+++ RECORDS FOR THE EXERCISE +++
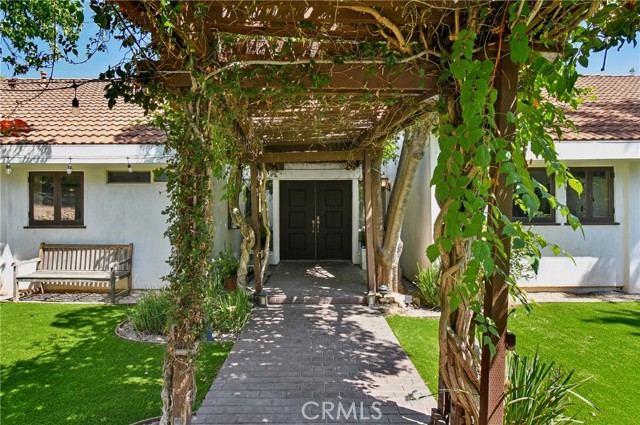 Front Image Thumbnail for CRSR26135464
+++
+++ RECORDS FOR THE EXERCISE +++
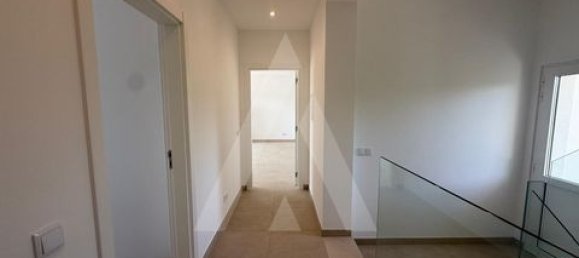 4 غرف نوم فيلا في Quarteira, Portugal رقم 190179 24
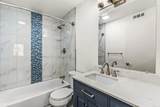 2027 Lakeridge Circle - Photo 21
+++
In the data above, the stretch from the line with "4 غرف نوم فيلا" through the line with "2027 Lakeridge Circle - Photo 21" is to be returned exactly, minus any pictures.

• ANSWER BELOW:
 4 غرف نوم فيلا في Quarteira, Portugal رقم 190179 24
 2027 Lakeridge Circle - Photo 21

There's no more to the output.